Juniper is traditionally used in Scottish folkloric and Gaelic Polytheist saining rites, such as those performed at Hogmanay (New Year), where the smoke of burning juniper, accompanied by traditional prayers and other customary rites, is used to cleanse, bless, and protect the household and its inhabitants.
Wood and leaves
Local people in Lahaul Valley present juniper leaves to their deities as a folk tradition. It is also useful as a folk remedy for pains and aches, as well as epilepsy and asthma. They are reported to collect large amounts of juniper leaves and wood for building and religious purposes.

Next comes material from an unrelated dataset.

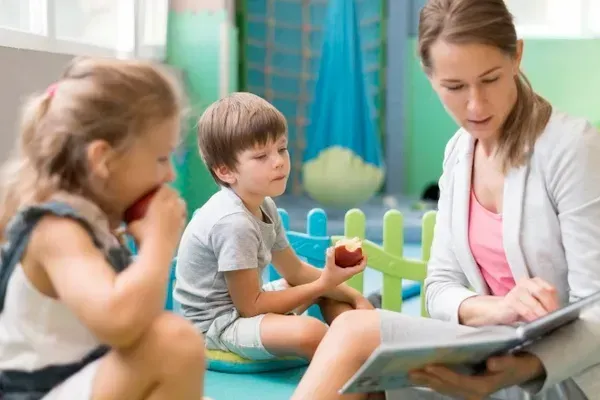 A young girl intently paints colorful strokes on paper using a brush and multiple paint jars around her.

Junipers are among the most popular conifers to be cultivated as ornamental subjects for parks and gardens. They have been bred over many years to produce a wide range of forms, in terms of colour, shape and size. They include some of the dwarfest (miniature) cultivars. They are also used for bonsai. Some species found in cultivation include:
- J. chinensis
- J. communis
- J. horizontalis
- J. × pfitzeriana
- J. procumbens
- J. rigida
- J. scapulorum
- J. squamata
In drier areas, juniper pollen easily becomes airborne and can be inhaled into the lungs. This pollen can also irritate the skin and cause contact dermatitis. Cross-allergenic reactions are common between juniper pollen and the pollen of all species of cypress.
Monoecious juniper plants are highly allergenic, with an OPALS allergy scale rating of 9 out of 10. Completely male juniper plants have an OPALS rating of 10, and release abundant amounts of pollen. Conversely, all-female juniper plants have an OPALS rating of 1, and are considered "allergy-fighting".